En octubre de 1943 el fotógrafo húngaro Gyula Halász, conocido como Brassaï, lleva al escritor Henri Michaux a visitar a Picasso. Al salir, Brassaï comenta que no ve a ningún sucesor de Picasso entre los jóvenes pintores, a lo que Michaux responde que está de acuerdo en parte porque no se puede pretender lo mismo, y añade: “sus monstruos ya no nos inquietan”. Menciono su conclusión porque es cierto que Picasso está tan visto que sus monstruos no inquietan, lo que no quiere decir que no siga presente el más inquietante: él mismo.

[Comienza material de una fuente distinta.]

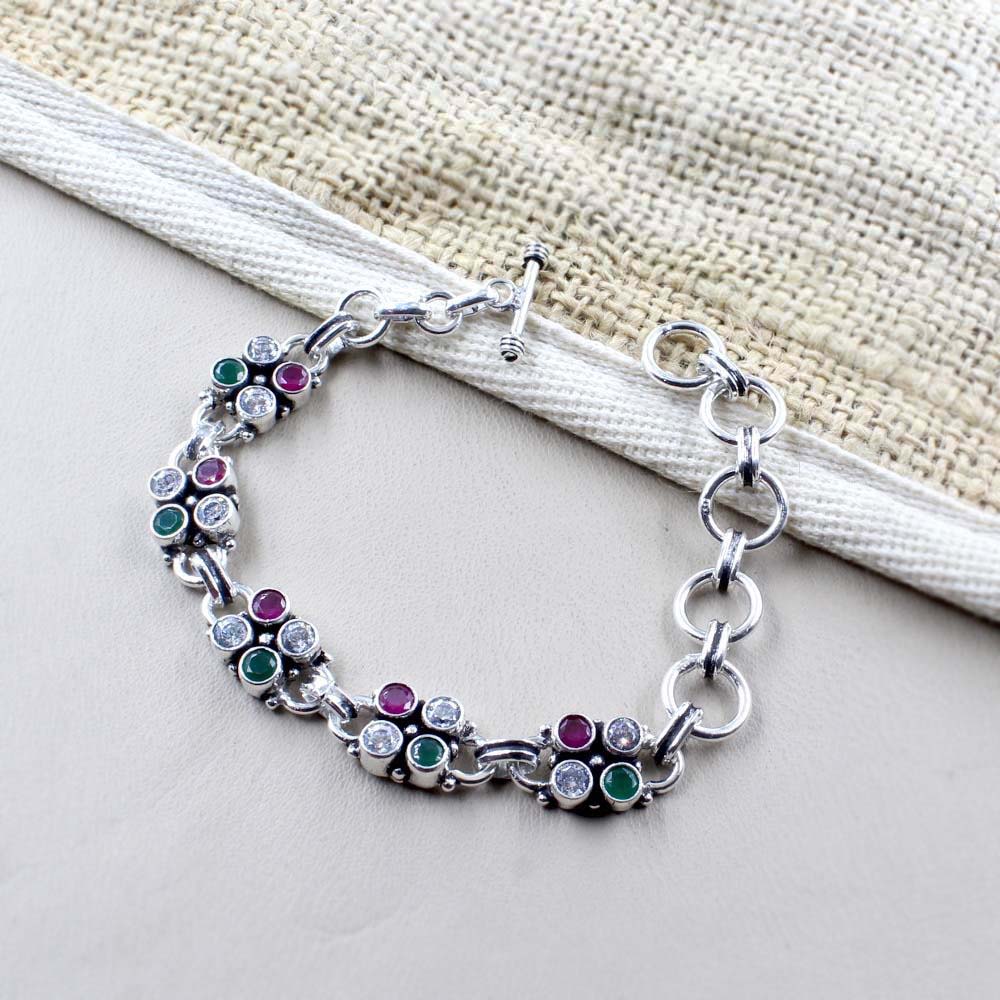 Real Sterling Silver Round Cut Stone Oxidized Bracelet Gift For Girls Women - Image 2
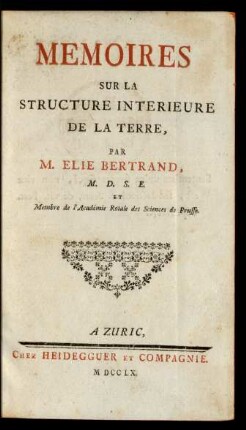 Memoires Sur La Structure Interieure De La Terre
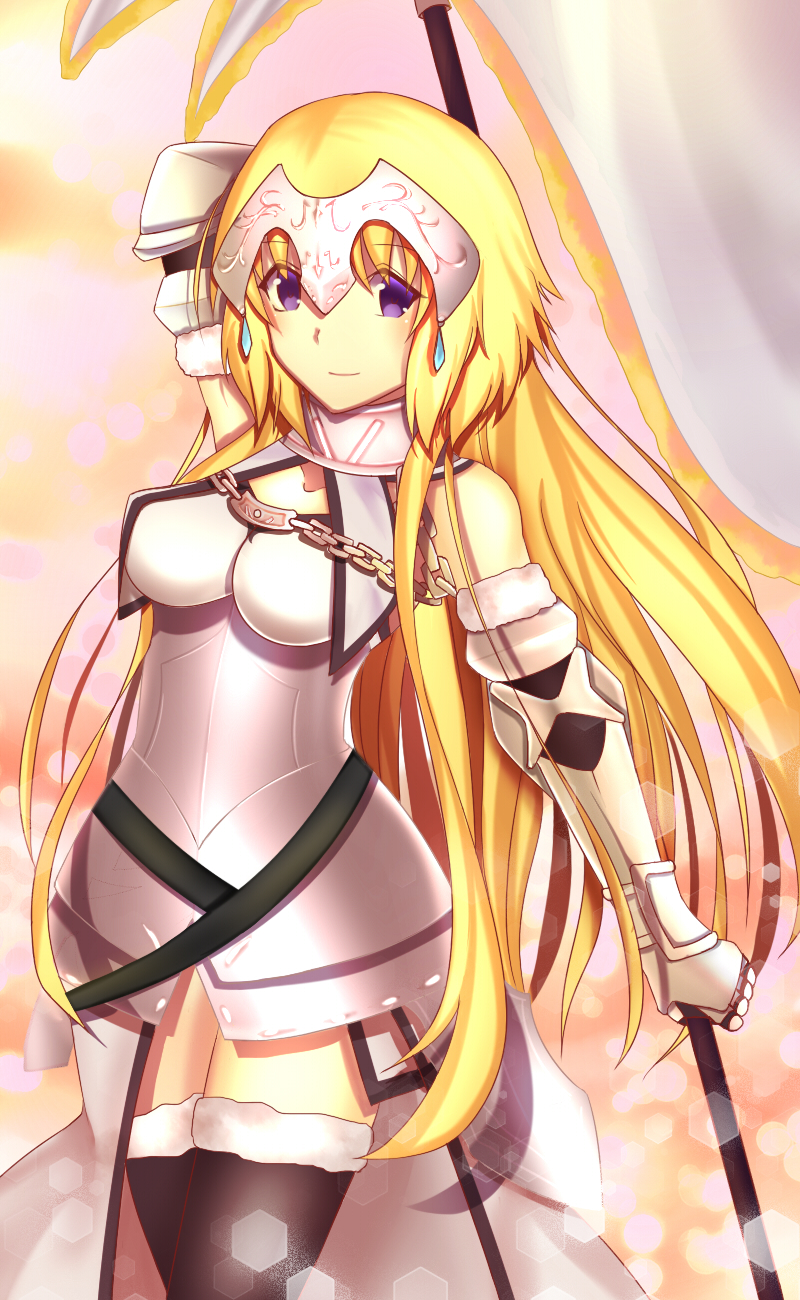 arm_above_head arm_behind_back armor armored_dress blonde_hair chains fate/apocrypha fate_(series) fur-trimmed_legwear fur_trim headpiece highres long_hair looking_at_viewer ruler_(fate/apocrypha) smile standard_bearer thigh-highs thighs type-moon violet_eyes xue_fengzi
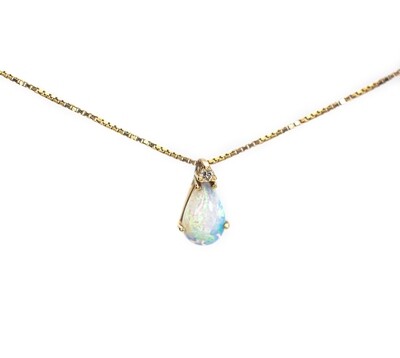 14k Gold Chain and Pendant with Opal and Diamond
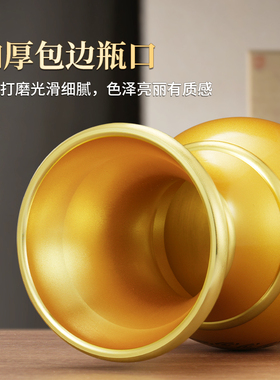 合金花瓶寺庙佛堂佛前供花净水插花瓶新中式烫金居家装饰摆件招财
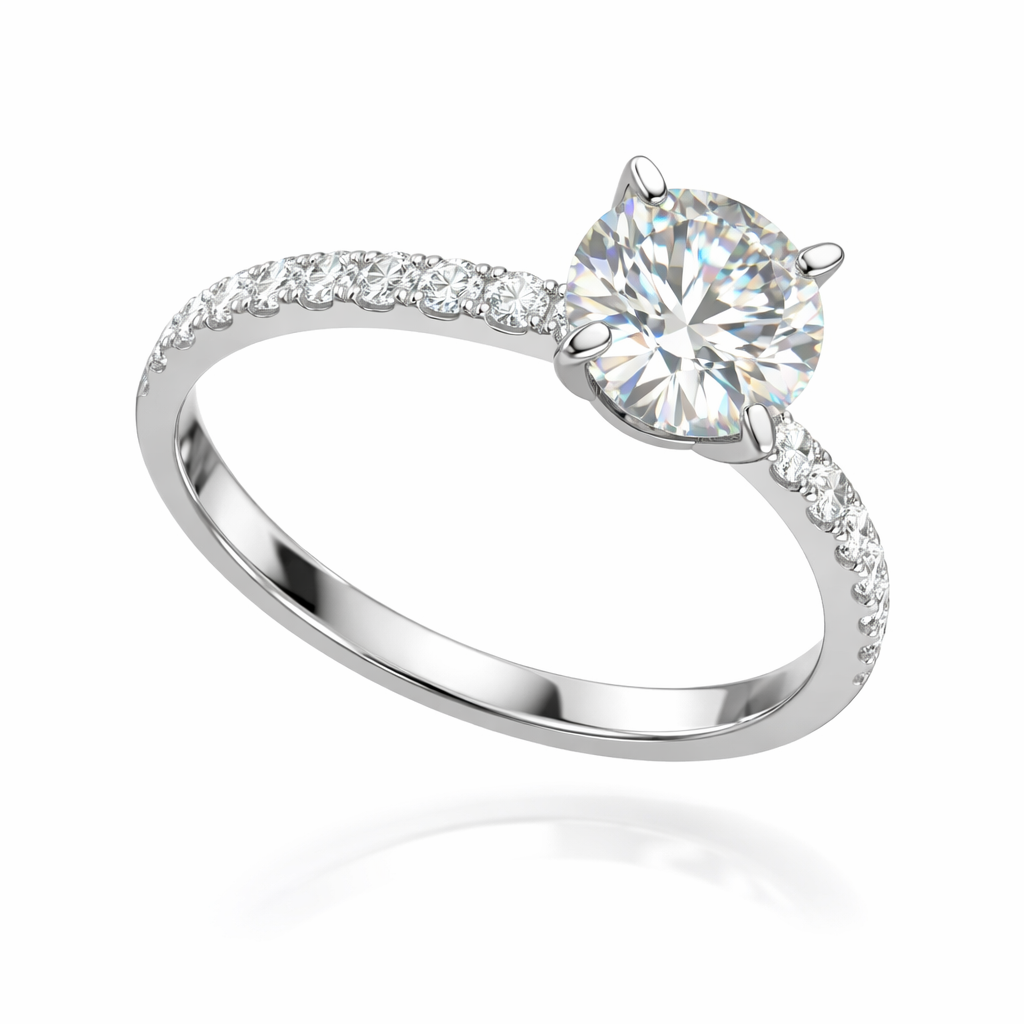 Classic Round Solitaire Diamond Ring in White Gold | 2.03 Carat | Pavé Band | Saleh Sallom-Saleh Sallom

La exposición que se está realizando en uno de los tres museos del pintor español, el de Barcelona, titulada Devorar París. Picasso 1900-1907, se detiene en el momento de su llegada a Francia. El verbo devorar no es una exageración porque el pintor de diecinueve años engulle lo que ve y lo transforma. Y qué ve Picasso: las pinceladas gruesas y entrecortadas de Van Gogh, la nocturnidad oblicua de Toulouse-Lautrec, el sentido del volumen en Rodin, la figuración inquietante de Puvis de Chavannes, entre otros artistas por los que se deja, felizmente, influir. Digo felizmente porque no lo paraliza la idea restrictiva de querer ser español a ultranza, de pintar temas adecuados a su origen, de ser representativo de su ciudad. Más bien ocurre lo contrario: adopta una actitud abierta y absorbente. Aunque la exposición se cierra en 1907, lo cierto es que Picasso seguirá haciendo lo mismo a lo largo de su vida. Cincuenta años después se aplicará a recrear Las Meninas de Velázquez, así como otras obras de varios pintores. Picasso siguió siendo el monstruo de las influencias, del plagio creativo al que urgía Lautréamont. Que en esta exposición se pueda tener al lado de sus obras los cuadros inspiradores de Van Gogh y de otros pintores, permite conocer al artista indomable que escapó de etiquetas, porque acaso siempre supo que es más creativo dejarse llevar por la imaginación y el talento más que por una idea preconcebida, estrecha y resumible.

Entre la bibliografía agotadora sobre Picasso, prefiero un libro, el de Brassaï. Sus Conversaciones con Picasso entre 1943 y 1947, con un salto final a 1960, son los encuentros con el pintor de mil estilos. No podemos reconocer a Málaga en sus obras, sino la mirada de un malagueño que asimiló el mundo y nos lo devolvió enriquecido, descolocado, fragmentado y, al mismo tiempo, recompuesto para perdurar más allá de una noción de identidad geográfica. Lo mismo que ocurre, saltando a nuestro continente, con pintores como Matta, Cuevas, Obregón, Szyslo o Araceli Gilbert, siempre al margen del latinoamericanismo políticamente correcto.

Se lo dijo Picasso a Brassaï: “Lo que surge, independientemente de mi voluntad, me interesa más que mis ideas”. Esta sigue siendo su gran lección en estos tiempos donde solo parece esperarse el testimonio gentilicio, la identidad predeterminada, la fiesta local de etiqueta dócil. El monstruo más fascinante y más vivo tiene mil cabezas para no ser domesticado con la corona de una idea fija. Cuando creemos atraparlo se escapa y nos guiña el ojo sonriendo, mientras dice: no te duermas, que esto solo es el principio.